Three major projects to enhance the Palisades Recreation Center need community support in terms of fundraising and planning. The Park Advisory Board heard updates on all three campaigns at its quarterly meeting on January 17.

Bill Maniscalco, the park’s recreation coordinator, said fundraising is underway to renovate the aging small gym. About $75,000 is needed to resurface the floors, paint the interior and upgrade the lights. If funds are in place, the target date for completion is June.

Officials hope that families who have current players in the basketball program or have had players in the past will donate by going to laparksfoundation.org/EN/park/29-palisades_recreation_center.html and designating the small gym project. Money raised will be used exclusively for the gym.

The Palisades Recreation Center small gym as it looks now.

Another fundraiser in the works is to make the playground ADA compliant. The topic was first raised in 2014, when the playground was already out of compliance. Playgrounds are no longer described in terms of how many swings and kinds of slides, but in the differences between ADA compliant (required by law) and accessible and inclusive.
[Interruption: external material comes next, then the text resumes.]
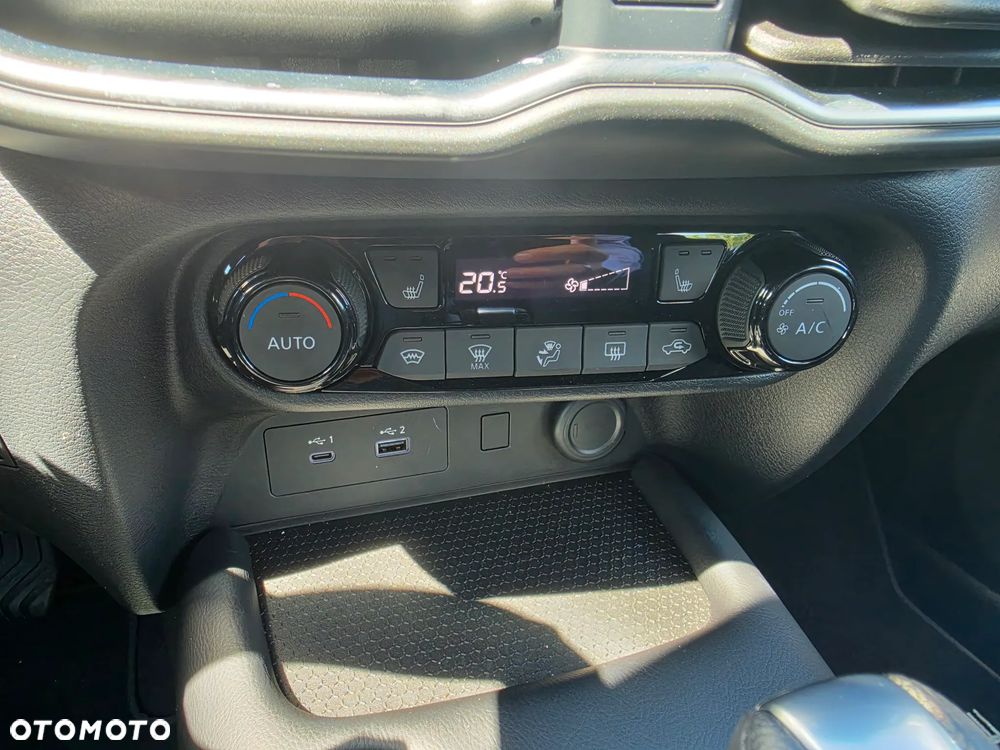 Nissan Juke 1.0 DIG-T N-Connecta DCT - 13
The PAB board had investigated an inclusive or universally accessible playground, which goes a step beyond ADA compliant and allows access to children of all abilities. At the time, the cost for an inclusive playground was estimated at between $300,000 to $700,000.

At the latest PAB meeting, park director Erich Haas said he thought the city would build an ADA-approved playground, estimated at $400,000. The question is, “Would the community raise the rest of the money needed for an inclusive playground?”

Those interested in the playground project should attend the next PAB meeting in April.

How the Palisades Recreation Center small gym could look after renovation.

The PAB board also discussed the Veterans Garden/ bocce-ball courts in the upper picnic area, which has been in the planning stage for many months.

If the community raises $200,000, American Legion Post 283 will donate an additional $400,000 to build three bocce courts and five outdoor “living rooms” that would commemorate Post 283, with five service monuments celebrating the Army, Navy, Air Force, Marines and Coast Guard.

Opportunities to give will be unveiled soon, with the possibility of naming rights for the individual courts and the “rooms.” Initial costs were projected at $133,000 for landscaping, $124,000 for walkways, $53,000 for picnic tables, benches and barbecues, $160,000 for bocce courts, $50,000 for contingencies and $60,000 for three years of maintenance.

The recreation center received an A- grade from the city last year.